I also lose my setups frequently to snags, will definitely give this technique a shot ThunderHawk! Question for you guys though: I use a 10# main line, float, then barrel swivel, 6# fluoro leader with shots staggered then a jig or spawn. I can't figure out why I regularly lose my float too (on main line) when my snags break off?

Oh and I went 1-1 on Rocky Monday evening after work, caught nice buck on pink SS.


----------



## BigDaddy300 (Nov 1, 2004)

Your barrel swivel is breaking off on the mainline side and the line shoots back through the float. What kind of mainline and leader are you using?


----------



## steelie4u (Mar 18, 2009)

JFeeds said:


> I had the day off and it was a beautiful day, so I figured it would be a good equation to catch some chrome.
> 
> Not for me at least
> 
> ...



I fished the lower end and landed 6 lost 3 more, fished from 8am till 11a.m. all were very good sized males


----------



## Bucho (Jun 28, 2007)

BigDaddy300 said:


> Your barrel swivel is breaking off on the mainline side and the line shoots back through the float. What kind of mainline and leader are you using?


10# Vanish, swivel, 6# Trilene.


----------



## BigDaddy300 (Nov 1, 2004)

Bucho said:


> 10# Vanish, swivel, 6# Trilene.


The vanish may be your problem. I tried it once as leader and did not like it and have heard of guys having problems also. If you wanna stick with Berkley switch them around. Get a heavier Trilene for your mainline and a smaller Vanish as your leader. Trilene will work but I would get a different leader material.


----------



## Bucho (Jun 28, 2007)

BigDaddy300 said:


> The vanish may be your problem. I tried it once as leader and did not like it and have heard of guys having problems also. If you wanna stick with Berkley switch them around. Get a heavier Trilene for your mainline and a smaller Vanish as your leader. Trilene will work but I would get a different leader material.

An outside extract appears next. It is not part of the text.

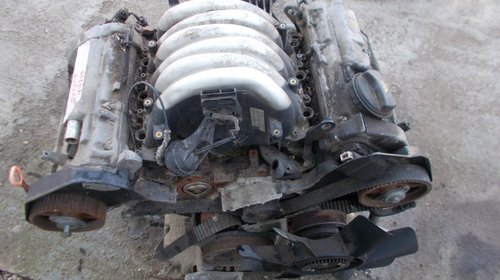 Motor Skoda Superb 2.7 benzina fabricatie 200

I'll give it a shot, thanks BD300. I didn't have nearly as many "float losses" when I was using 10# vanish, 4# fluoro. Of course then I lost 2 good steelhead in one day on breakoffs and upgraded to the 6#.

I didn't really think about my setup I described but its fluoro/mainline fluoro/leader, does that matter?


----------



## Fisherman123 (Apr 30, 2011)

I live over by the emerald necklace marina area in lakewood. ive never gone for steels before and was wondering if anyone could give some tips on how to fish for them and if i'm close to any spots that have fish. i was thinking mabye the dog park? anyways any help would be greatly appreciated. oh and i dont have a boat and can only shore fish and i do not have a fly rod. thanks again for any help!


----------